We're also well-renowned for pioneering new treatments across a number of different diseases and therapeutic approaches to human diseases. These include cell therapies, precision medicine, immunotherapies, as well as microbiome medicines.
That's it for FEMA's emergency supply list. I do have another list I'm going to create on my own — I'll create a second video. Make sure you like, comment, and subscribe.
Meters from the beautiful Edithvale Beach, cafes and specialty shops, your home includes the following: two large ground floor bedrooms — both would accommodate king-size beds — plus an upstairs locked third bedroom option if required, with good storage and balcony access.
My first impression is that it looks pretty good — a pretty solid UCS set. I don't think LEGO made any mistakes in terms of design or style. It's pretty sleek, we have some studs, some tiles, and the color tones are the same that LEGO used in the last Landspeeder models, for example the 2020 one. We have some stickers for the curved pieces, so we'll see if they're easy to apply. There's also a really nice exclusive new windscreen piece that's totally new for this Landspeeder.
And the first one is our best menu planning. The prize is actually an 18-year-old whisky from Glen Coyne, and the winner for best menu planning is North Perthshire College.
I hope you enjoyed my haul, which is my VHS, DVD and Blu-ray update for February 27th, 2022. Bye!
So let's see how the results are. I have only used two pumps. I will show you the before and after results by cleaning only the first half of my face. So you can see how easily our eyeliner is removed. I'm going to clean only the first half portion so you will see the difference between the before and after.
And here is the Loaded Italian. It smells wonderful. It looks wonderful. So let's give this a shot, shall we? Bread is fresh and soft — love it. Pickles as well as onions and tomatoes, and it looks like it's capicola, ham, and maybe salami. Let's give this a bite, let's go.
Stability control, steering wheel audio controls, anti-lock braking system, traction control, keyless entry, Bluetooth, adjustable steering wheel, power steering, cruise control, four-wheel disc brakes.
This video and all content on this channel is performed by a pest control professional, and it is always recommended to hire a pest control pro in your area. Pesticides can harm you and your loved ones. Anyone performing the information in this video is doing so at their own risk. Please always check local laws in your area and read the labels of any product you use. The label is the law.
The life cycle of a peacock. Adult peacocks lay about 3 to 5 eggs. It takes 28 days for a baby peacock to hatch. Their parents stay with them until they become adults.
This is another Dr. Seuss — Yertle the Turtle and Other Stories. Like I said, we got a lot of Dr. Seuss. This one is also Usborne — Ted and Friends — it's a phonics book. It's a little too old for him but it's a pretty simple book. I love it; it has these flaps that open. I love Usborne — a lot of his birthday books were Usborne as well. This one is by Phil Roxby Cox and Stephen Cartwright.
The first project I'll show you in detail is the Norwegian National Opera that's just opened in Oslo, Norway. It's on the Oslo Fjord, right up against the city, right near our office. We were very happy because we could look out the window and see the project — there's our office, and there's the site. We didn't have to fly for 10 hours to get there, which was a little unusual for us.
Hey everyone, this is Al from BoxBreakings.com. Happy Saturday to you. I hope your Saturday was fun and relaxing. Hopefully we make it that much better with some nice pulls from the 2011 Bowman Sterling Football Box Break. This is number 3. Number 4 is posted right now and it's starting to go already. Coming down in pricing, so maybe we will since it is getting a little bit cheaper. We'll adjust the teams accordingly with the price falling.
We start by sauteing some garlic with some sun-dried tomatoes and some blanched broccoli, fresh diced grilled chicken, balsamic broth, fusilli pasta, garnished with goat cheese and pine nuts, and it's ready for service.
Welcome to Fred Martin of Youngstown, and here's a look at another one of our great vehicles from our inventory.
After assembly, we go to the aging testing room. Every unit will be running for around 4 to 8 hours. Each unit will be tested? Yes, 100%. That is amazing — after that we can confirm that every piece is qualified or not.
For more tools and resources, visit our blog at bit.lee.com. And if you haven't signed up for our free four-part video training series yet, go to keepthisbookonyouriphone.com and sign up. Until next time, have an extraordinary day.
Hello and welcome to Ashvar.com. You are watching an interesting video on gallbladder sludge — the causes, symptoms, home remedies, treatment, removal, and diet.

EXERCISE AIM: Extract all of the data above without altering anything.

WRITTEN RESPONSE:
We're also well-renowned for pioneering new treatments across a number of different diseases and therapeutic approaches to human diseases. These include cell therapies, precision medicine, immunotherapies, as well as microbiome medicines.
That's it for FEMA's emergency supply list. I do have another list I'm going to create on my own — I'll create a second video. Make sure you like, comment, and subscribe.
Meters from the beautiful Edithvale Beach, cafes and specialty shops, your home includes the following: two large ground floor bedrooms — both would accommodate king-size beds — plus an upstairs locked third bedroom option if required, with good storage and balcony access.
My first impression is that it looks pretty good — a pretty solid UCS set. I don't think LEGO made any mistakes in terms of design or style. It's pretty sleek, we have some studs, some tiles, and the color tones are the same that LEGO used in the last Landspeeder models, for example the 2020 one. We have some stickers for the curved pieces, so we'll see if they're easy to apply. There's also a really nice exclusive new windscreen piece that's totally new for this Landspeeder.
And the first one is our best menu planning. The prize is actually an 18-year-old whisky from Glen Coyne, and the winner for best menu planning is North Perthshire College.
I hope you enjoyed my haul, which is my VHS, DVD and Blu-ray update for February 27th, 2022. Bye!
So let's see how the results are. I have only used two pumps. I will show you the before and after results by cleaning only the first half of my face. So you can see how easily our eyeliner is removed. I'm going to clean only the first half portion so you will see the difference between the before and after.
And here is the Loaded Italian. It smells wonderful. It looks wonderful. So let's give this a shot, shall we? Bread is fresh and soft — love it. Pickles as well as onions and tomatoes, and it looks like it's capicola, ham, and maybe salami. Let's give this a bite, let's go.
Stability control, steering wheel audio controls, anti-lock braking system, traction control, keyless entry, Bluetooth, adjustable steering wheel, power steering, cruise control, four-wheel disc brakes.
This video and all content on this channel is performed by a pest control professional, and it is always recommended to hire a pest control pro in your area. Pesticides can harm you and your loved ones. Anyone performing the information in this video is doing so at their own risk. Please always check local laws in your area and read the labels of any product you use. The label is the law.
The life cycle of a peacock. Adult peacocks lay about 3 to 5 eggs. It takes 28 days for a baby peacock to hatch. Their parents stay with them until they become adults.
This is another Dr. Seuss — Yertle the Turtle and Other Stories. Like I said, we got a lot of Dr. Seuss. This one is also Usborne — Ted and Friends — it's a phonics book. It's a little too old for him but it's a pretty simple book. I love it; it has these flaps that open. I love Usborne — a lot of his birthday books were Usborne as well. This one is by Phil Roxby Cox and Stephen Cartwright.
The first project I'll show you in detail is the Norwegian National Opera that's just opened in Oslo, Norway. It's on the Oslo Fjord, right up against the city, right near our office. We were very happy because we could look out the window and see the project — there's our office, and there's the site. We didn't have to fly for 10 hours to get there, which was a little unusual for us.
Hey everyone, this is Al from BoxBreakings.com. Happy Saturday to you. I hope your Saturday was fun and relaxing. Hopefully we make it that much better with some nice pulls from the 2011 Bowman Sterling Football Box Break. This is number 3. Number 4 is posted right now and it's starting to go already. Coming down in pricing, so maybe we will since it is getting a little bit cheaper. We'll adjust the teams accordingly with the price falling.
We start by sauteing some garlic with some sun-dried tomatoes and some blanched broccoli, fresh diced grilled chicken, balsamic broth, fusilli pasta, garnished with goat cheese and pine nuts, and it's ready for service.
Welcome to Fred Martin of Youngstown, and here's a look at another one of our great vehicles from our inventory.
After assembly, we go to the aging testing room. Every unit will be running for around 4 to 8 hours. Each unit will be tested? Yes, 100%. That is amazing — after that we can confirm that every piece is qualified or not.
For more tools and resources, visit our blog at bit.lee.com. And if you haven't signed up for our free four-part video training series yet, go to keepthisbookonyouriphone.com and sign up. Until next time, have an extraordinary day.
Hello and welcome to Ashvar.com. You are watching an interesting video on gallbladder sludge — the causes, symptoms, home remedies, treatment, removal, and diet.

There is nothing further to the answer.